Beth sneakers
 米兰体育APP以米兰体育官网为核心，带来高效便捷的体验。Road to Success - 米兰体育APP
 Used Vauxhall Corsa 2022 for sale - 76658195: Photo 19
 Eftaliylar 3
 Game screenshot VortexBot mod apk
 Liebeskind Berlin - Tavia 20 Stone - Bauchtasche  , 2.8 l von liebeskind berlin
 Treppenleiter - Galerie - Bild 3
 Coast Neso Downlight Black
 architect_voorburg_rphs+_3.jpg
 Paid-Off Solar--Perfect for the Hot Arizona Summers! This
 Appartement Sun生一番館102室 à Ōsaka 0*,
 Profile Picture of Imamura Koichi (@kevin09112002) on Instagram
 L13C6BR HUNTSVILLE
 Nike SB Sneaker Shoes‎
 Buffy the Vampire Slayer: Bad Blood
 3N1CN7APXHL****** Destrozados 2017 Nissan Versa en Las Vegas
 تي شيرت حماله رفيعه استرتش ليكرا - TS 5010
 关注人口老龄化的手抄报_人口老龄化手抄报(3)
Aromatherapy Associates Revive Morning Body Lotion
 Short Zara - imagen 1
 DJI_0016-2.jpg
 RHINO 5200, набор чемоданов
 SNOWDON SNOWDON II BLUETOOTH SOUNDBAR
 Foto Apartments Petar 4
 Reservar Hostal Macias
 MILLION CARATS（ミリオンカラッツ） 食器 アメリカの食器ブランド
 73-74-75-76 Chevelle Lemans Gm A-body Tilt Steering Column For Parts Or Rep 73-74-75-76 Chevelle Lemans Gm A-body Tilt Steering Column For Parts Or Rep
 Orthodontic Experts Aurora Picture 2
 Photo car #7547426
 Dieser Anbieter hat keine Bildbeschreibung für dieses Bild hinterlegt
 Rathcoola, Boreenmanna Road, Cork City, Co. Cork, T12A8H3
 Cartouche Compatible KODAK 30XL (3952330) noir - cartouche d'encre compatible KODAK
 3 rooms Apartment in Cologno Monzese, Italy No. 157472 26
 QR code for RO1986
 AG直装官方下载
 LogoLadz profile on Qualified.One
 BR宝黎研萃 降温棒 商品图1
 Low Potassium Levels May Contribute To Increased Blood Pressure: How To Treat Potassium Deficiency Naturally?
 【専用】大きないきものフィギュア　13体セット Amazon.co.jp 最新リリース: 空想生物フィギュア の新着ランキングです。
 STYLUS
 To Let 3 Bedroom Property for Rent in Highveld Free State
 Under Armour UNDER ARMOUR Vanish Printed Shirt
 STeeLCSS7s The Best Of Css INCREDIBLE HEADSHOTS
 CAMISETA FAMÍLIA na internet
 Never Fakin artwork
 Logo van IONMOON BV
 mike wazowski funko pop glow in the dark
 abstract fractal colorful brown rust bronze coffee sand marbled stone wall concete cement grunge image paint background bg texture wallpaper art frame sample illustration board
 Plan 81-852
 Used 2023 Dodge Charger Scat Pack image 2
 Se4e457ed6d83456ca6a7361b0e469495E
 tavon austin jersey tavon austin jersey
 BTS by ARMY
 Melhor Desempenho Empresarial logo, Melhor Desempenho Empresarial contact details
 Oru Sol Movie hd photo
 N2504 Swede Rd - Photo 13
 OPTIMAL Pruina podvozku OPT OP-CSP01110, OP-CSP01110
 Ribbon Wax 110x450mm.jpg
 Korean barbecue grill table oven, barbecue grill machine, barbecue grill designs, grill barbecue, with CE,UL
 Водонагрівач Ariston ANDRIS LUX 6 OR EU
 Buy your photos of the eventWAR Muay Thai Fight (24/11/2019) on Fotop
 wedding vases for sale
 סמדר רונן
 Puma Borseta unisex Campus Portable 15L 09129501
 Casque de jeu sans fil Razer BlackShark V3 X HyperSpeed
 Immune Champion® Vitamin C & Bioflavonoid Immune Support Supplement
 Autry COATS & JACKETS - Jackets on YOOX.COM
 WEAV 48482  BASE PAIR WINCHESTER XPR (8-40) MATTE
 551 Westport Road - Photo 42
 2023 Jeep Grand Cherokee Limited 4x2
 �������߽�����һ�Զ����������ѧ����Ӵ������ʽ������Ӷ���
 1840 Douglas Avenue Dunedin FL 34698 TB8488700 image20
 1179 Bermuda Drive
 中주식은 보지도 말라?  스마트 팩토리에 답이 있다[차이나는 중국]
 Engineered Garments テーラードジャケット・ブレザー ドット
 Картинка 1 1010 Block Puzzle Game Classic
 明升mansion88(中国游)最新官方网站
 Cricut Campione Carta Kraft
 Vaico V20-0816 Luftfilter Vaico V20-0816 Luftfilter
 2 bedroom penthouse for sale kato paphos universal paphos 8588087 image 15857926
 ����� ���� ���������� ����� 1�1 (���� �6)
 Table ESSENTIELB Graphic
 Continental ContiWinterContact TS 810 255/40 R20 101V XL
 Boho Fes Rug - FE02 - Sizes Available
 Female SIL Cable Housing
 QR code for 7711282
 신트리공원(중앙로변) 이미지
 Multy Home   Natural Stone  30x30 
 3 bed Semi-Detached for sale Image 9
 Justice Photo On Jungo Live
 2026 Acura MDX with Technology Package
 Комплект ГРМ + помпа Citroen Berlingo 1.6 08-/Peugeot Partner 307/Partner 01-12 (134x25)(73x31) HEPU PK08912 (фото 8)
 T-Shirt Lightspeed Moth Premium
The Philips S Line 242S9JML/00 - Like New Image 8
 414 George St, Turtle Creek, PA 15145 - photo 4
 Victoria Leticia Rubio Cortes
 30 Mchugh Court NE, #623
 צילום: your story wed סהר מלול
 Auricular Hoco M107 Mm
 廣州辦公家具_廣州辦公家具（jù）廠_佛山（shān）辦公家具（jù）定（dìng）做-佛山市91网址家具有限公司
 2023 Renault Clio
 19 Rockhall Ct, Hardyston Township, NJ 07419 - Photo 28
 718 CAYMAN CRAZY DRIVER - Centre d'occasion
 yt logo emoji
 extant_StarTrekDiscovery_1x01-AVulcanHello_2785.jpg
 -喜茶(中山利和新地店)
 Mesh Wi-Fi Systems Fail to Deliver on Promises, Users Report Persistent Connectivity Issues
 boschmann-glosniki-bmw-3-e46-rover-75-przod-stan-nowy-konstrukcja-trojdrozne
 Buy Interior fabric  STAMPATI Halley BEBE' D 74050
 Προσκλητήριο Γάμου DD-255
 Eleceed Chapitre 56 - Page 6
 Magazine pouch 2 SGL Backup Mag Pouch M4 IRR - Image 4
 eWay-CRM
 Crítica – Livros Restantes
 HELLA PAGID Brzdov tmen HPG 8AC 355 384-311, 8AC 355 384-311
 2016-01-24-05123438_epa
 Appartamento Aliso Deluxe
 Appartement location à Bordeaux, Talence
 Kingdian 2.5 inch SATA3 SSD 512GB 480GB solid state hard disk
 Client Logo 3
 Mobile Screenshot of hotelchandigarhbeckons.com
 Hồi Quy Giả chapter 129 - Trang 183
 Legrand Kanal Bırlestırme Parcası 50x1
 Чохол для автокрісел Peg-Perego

· · ·

— THE TASK —
Repeat all the entries word for word.

— SOLUTION FOR THIS EXERCISE —
Beth sneakers
 米兰体育APP以米兰体育官网为核心，带来高效便捷的体验。Road to Success - 米兰体育APP
 Used Vauxhall Corsa 2022 for sale - 76658195: Photo 19
 Eftaliylar 3
 Game screenshot VortexBot mod apk
 Liebeskind Berlin - Tavia 20 Stone - Bauchtasche  , 2.8 l von liebeskind berlin
 Treppenleiter - Galerie - Bild 3
 Coast Neso Downlight Black
 architect_voorburg_rphs+_3.jpg
 Paid-Off Solar--Perfect for the Hot Arizona Summers! This
 Appartement Sun生一番館102室 à Ōsaka 0*,
 Profile Picture of Imamura Koichi (@kevin09112002) on Instagram
 L13C6BR HUNTSVILLE
 Nike SB Sneaker Shoes‎
 Buffy the Vampire Slayer: Bad Blood
 3N1CN7APXHL****** Destrozados 2017 Nissan Versa en Las Vegas
 تي شيرت حماله رفيعه استرتش ليكرا - TS 5010
 关注人口老龄化的手抄报_人口老龄化手抄报(3)
Aromatherapy Associates Revive Morning Body Lotion
 Short Zara - imagen 1
 DJI_0016-2.jpg
 RHINO 5200, набор чемоданов
 SNOWDON SNOWDON II BLUETOOTH SOUNDBAR
 Foto Apartments Petar 4
 Reservar Hostal Macias
 MILLION CARATS（ミリオンカラッツ） 食器 アメリカの食器ブランド
 73-74-75-76 Chevelle Lemans Gm A-body Tilt Steering Column For Parts Or Rep 73-74-75-76 Chevelle Lemans Gm A-body Tilt Steering Column For Parts Or Rep
 Orthodontic Experts Aurora Picture 2
 Photo car #7547426
 Dieser Anbieter hat keine Bildbeschreibung für dieses Bild hinterlegt
 Rathcoola, Boreenmanna Road, Cork City, Co. Cork, T12A8H3
 Cartouche Compatible KODAK 30XL (3952330) noir - cartouche d'encre compatible KODAK
 3 rooms Apartment in Cologno Monzese, Italy No. 157472 26
 QR code for RO1986
 AG直装官方下载
 LogoLadz profile on Qualified.One
 BR宝黎研萃 降温棒 商品图1
 Low Potassium Levels May Contribute To Increased Blood Pressure: How To Treat Potassium Deficiency Naturally?
 【専用】大きないきものフィギュア　13体セット Amazon.co.jp 最新リリース: 空想生物フィギュア の新着ランキングです。
 STYLUS
 To Let 3 Bedroom Property for Rent in Highveld Free State
 Under Armour UNDER ARMOUR Vanish Printed Shirt
 STeeLCSS7s The Best Of Css INCREDIBLE HEADSHOTS
 CAMISETA FAMÍLIA na internet
 Never Fakin artwork
 Logo van IONMOON BV
 mike wazowski funko pop glow in the dark
 abstract fractal colorful brown rust bronze coffee sand marbled stone wall concete cement grunge image paint background bg texture wallpaper art frame sample illustration board
 Plan 81-852
 Used 2023 Dodge Charger Scat Pack image 2
 Se4e457ed6d83456ca6a7361b0e469495E
 tavon austin jersey tavon austin jersey
 BTS by ARMY
 Melhor Desempenho Empresarial logo, Melhor Desempenho Empresarial contact details
 Oru Sol Movie hd photo
 N2504 Swede Rd - Photo 13
 OPTIMAL Pruina podvozku OPT OP-CSP01110, OP-CSP01110
 Ribbon Wax 110x450mm.jpg
 Korean barbecue grill table oven, barbecue grill machine, barbecue grill designs, grill barbecue, with CE,UL
 Водонагрівач Ariston ANDRIS LUX 6 OR EU
 Buy your photos of the eventWAR Muay Thai Fight (24/11/2019) on Fotop
 wedding vases for sale
 סמדר רונן
 Puma Borseta unisex Campus Portable 15L 09129501
 Casque de jeu sans fil Razer BlackShark V3 X HyperSpeed
 Immune Champion® Vitamin C & Bioflavonoid Immune Support Supplement
 Autry COATS & JACKETS - Jackets on YOOX.COM
 WEAV 48482  BASE PAIR WINCHESTER XPR (8-40) MATTE
 551 Westport Road - Photo 42
 2023 Jeep Grand Cherokee Limited 4x2
 �������߽�����һ�Զ����������ѧ����Ӵ������ʽ������Ӷ���
 1840 Douglas Avenue Dunedin FL 34698 TB8488700 image20
 1179 Bermuda Drive
 中주식은 보지도 말라?  스마트 팩토리에 답이 있다[차이나는 중국]
 Engineered Garments テーラードジャケット・ブレザー ドット
 Картинка 1 1010 Block Puzzle Game Classic
 明升mansion88(中国游)最新官方网站
 Cricut Campione Carta Kraft
 Vaico V20-0816 Luftfilter Vaico V20-0816 Luftfilter
 2 bedroom penthouse for sale kato paphos universal paphos 8588087 image 15857926
 ����� ���� ���������� ����� 1�1 (���� �6)
 Table ESSENTIELB Graphic
 Continental ContiWinterContact TS 810 255/40 R20 101V XL
 Boho Fes Rug - FE02 - Sizes Available
 Female SIL Cable Housing
 QR code for 7711282
 신트리공원(중앙로변) 이미지
 Multy Home   Natural Stone  30x30 
 3 bed Semi-Detached for sale Image 9
 Justice Photo On Jungo Live
 2026 Acura MDX with Technology Package
 Комплект ГРМ + помпа Citroen Berlingo 1.6 08-/Peugeot Partner 307/Partner 01-12 (134x25)(73x31) HEPU PK08912 (фото 8)
 T-Shirt Lightspeed Moth Premium
The Philips S Line 242S9JML/00 - Like New Image 8
 414 George St, Turtle Creek, PA 15145 - photo 4
 Victoria Leticia Rubio Cortes
 30 Mchugh Court NE, #623
 צילום: your story wed סהר מלול
 Auricular Hoco M107 Mm
 廣州辦公家具_廣州辦公家具（jù）廠_佛山（shān）辦公家具（jù）定（dìng）做-佛山市91网址家具有限公司
 2023 Renault Clio
 19 Rockhall Ct, Hardyston Township, NJ 07419 - Photo 28
 718 CAYMAN CRAZY DRIVER - Centre d'occasion
 yt logo emoji
 extant_StarTrekDiscovery_1x01-AVulcanHello_2785.jpg
 -喜茶(中山利和新地店)
 Mesh Wi-Fi Systems Fail to Deliver on Promises, Users Report Persistent Connectivity Issues
 boschmann-glosniki-bmw-3-e46-rover-75-przod-stan-nowy-konstrukcja-trojdrozne
 Buy Interior fabric  STAMPATI Halley BEBE' D 74050
 Προσκλητήριο Γάμου DD-255
 Eleceed Chapitre 56 - Page 6
 Magazine pouch 2 SGL Backup Mag Pouch M4 IRR - Image 4
 eWay-CRM
 Crítica – Livros Restantes
 HELLA PAGID Brzdov tmen HPG 8AC 355 384-311, 8AC 355 384-311
 2016-01-24-05123438_epa
 Appartamento Aliso Deluxe
 Appartement location à Bordeaux, Talence
 Kingdian 2.5 inch SATA3 SSD 512GB 480GB solid state hard disk
 Client Logo 3
 Mobile Screenshot of hotelchandigarhbeckons.com
 Hồi Quy Giả chapter 129 - Trang 183
 Legrand Kanal Bırlestırme Parcası 50x1
 Чохол для автокрісел Peg-Perego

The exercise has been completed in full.